━━ Working data ━━
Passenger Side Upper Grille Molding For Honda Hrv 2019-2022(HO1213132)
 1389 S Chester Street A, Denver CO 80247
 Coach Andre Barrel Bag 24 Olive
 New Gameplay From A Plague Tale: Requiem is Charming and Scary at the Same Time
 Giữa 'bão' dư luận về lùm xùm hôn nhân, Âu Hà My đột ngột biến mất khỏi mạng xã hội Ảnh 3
━━━
**Your task**
Recopy the whole listing exactly.

**Result for this task**
Passenger Side Upper Grille Molding For Honda Hrv 2019-2022(HO1213132)
 1389 S Chester Street A, Denver CO 80247
 Coach Andre Barrel Bag 24 Olive
 New Gameplay From A Plague Tale: Requiem is Charming and Scary at the Same Time
 Giữa 'bão' dư luận về lùm xùm hôn nhân, Âu Hà My đột ngột biến mất khỏi mạng xã hội Ảnh 3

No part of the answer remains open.